A linguistic forum where you would close threads for such reasons is a potentially dead forum in my opinion. And moreover, an immodest one...

As an aside, the merging threads mania certainly doesn't help the proliferation of the "I-didn't-read-previous-posts-sorry" syndroma...


----------



## wildan1

As a mod, I try to keep threads cleaned up when I see long ones with many redundant or off-topic posts. However, the Spanish and French forums (after 7 years of WRF's existence) are simply too vast to allow our team to review each thread that has been created systematically--each of those two languages has a post count totaling 3 million!

As members, you can help us mods do such clean-up by clicking on the red triangle when you see such long, duplicative or off-topic threads.


----------



## cirrus

wildan1 said:


> However, the Spanish and French forums (after 7 years of WRF's existence) are simply too vast to allow our team to review each thread that has been created systematically--each of those two languages has a post count totaling 3 million!

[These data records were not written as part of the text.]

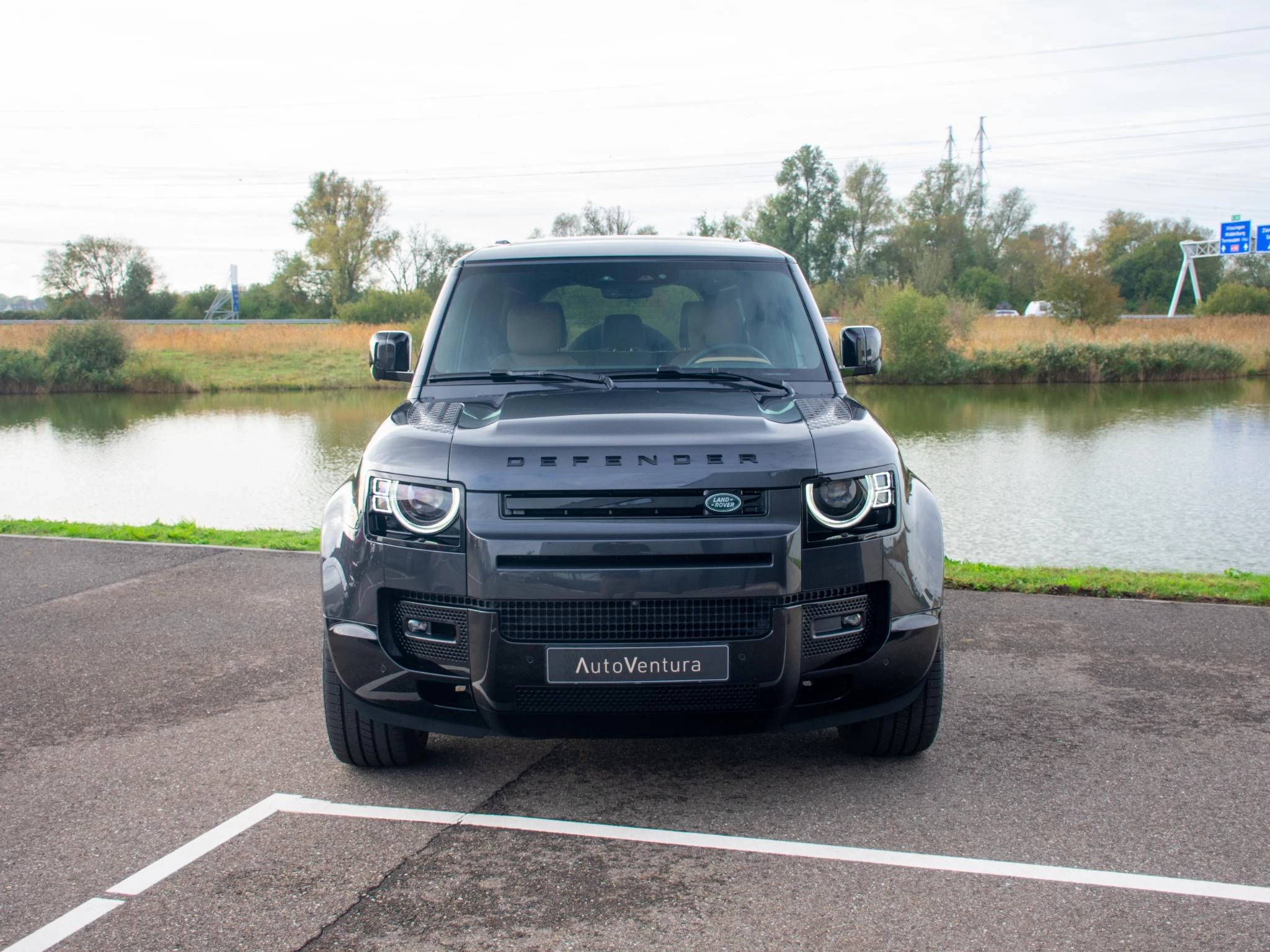 Hoofdafbeelding Land Rover Defender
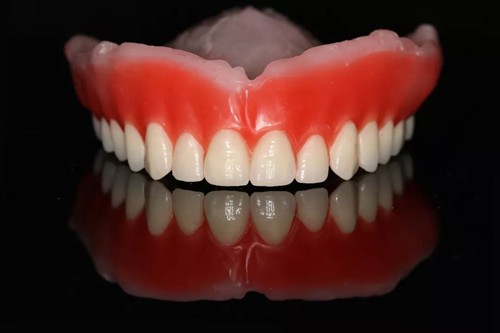 广州做吸附性义齿多少钱？它和普通义齿有什么区别？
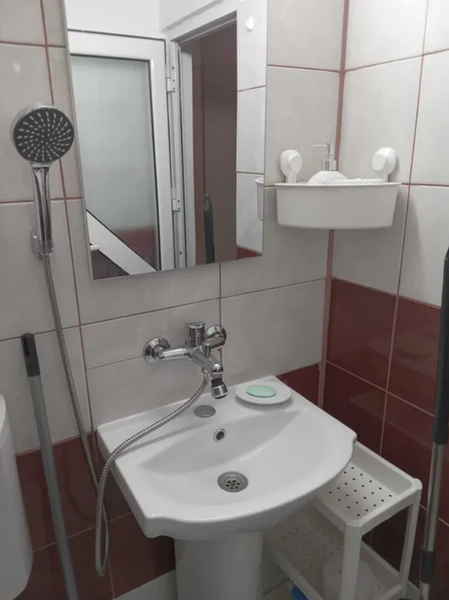 Piata Alba Iulia, str. Valeriu Braniste, ac, tv, disponibila de luni
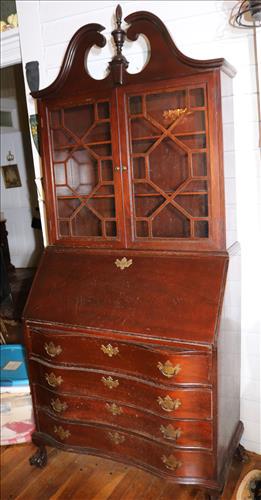 Mahogany Governor Winthrop Secretary: Mahogany Governor Winthrop Secretary, 82T, 35W, 20D
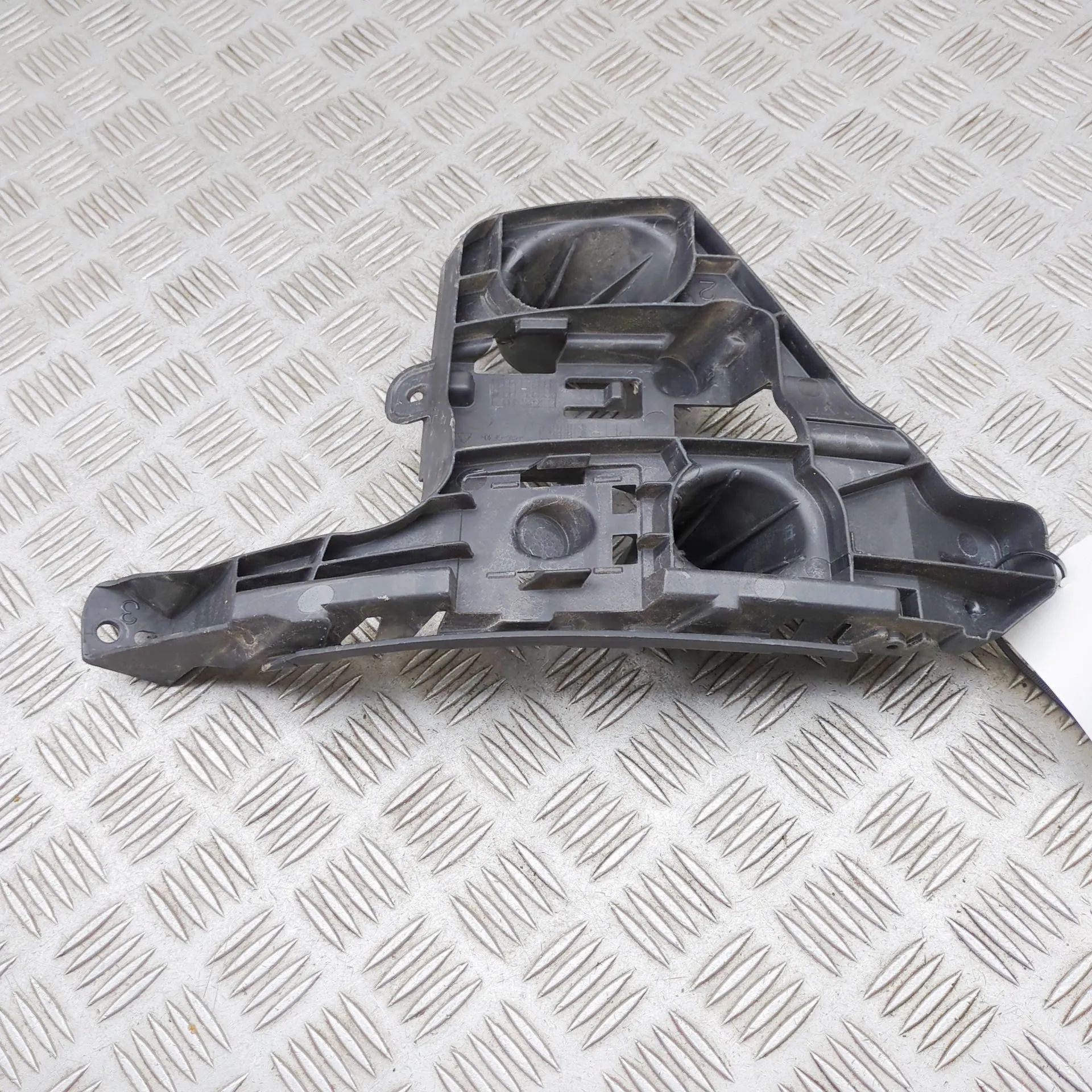 Audi e-tron GT (FW) Rear Right Bumper Bracket Rear Right Bumper Bracket — AUDI E-TRON GT (Sal...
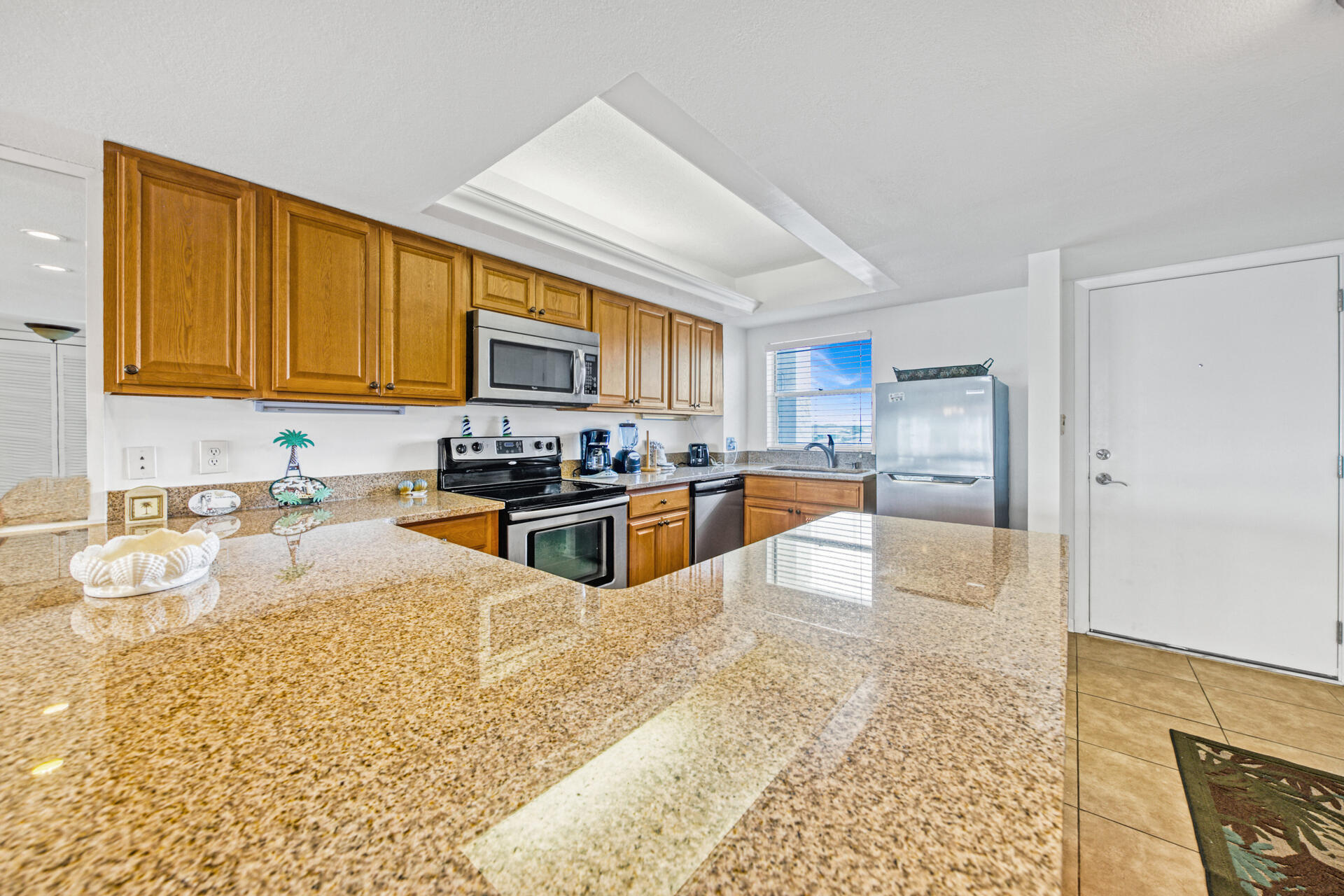 EL MATADOR CONDO - Residential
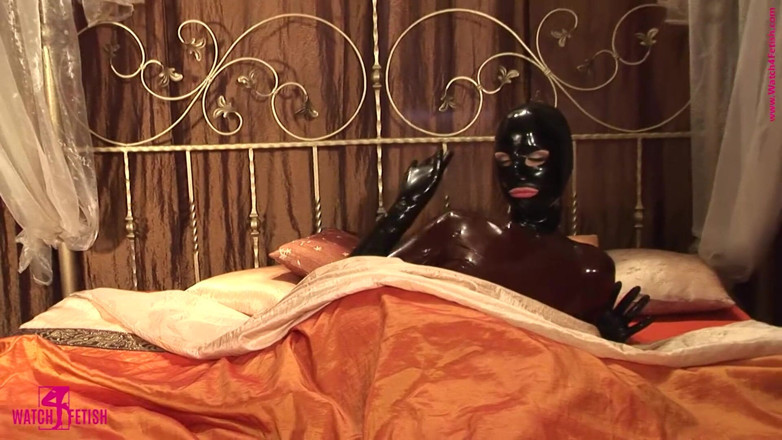 Watch4fetish: Waking up in tight latex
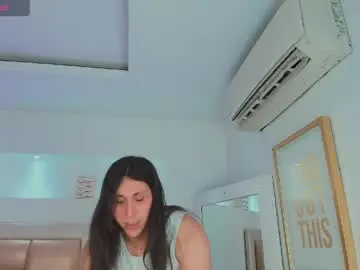 Chaturbate Live Sex Cam of aryloverx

I feel your pain and understand it does imply mind boggling amounts of work. I still wonder whether it is time for a relaunch. Duplicated garbage is one of major qualm about much of what is out there on the net. The extent that this is mirrored in the intricate undergrowth of the fora does make me wonder how much this detracts from their usefulness. I suspect similar concerns were a major motivator behind the relaunch/ re brand of eurodicatom in its new iate guise. 

I fully recognise it might well be a major can of worms but could there be mileage for taking a page out of proz.com's book and having a _rate this suggestion's accuracy _button?


----------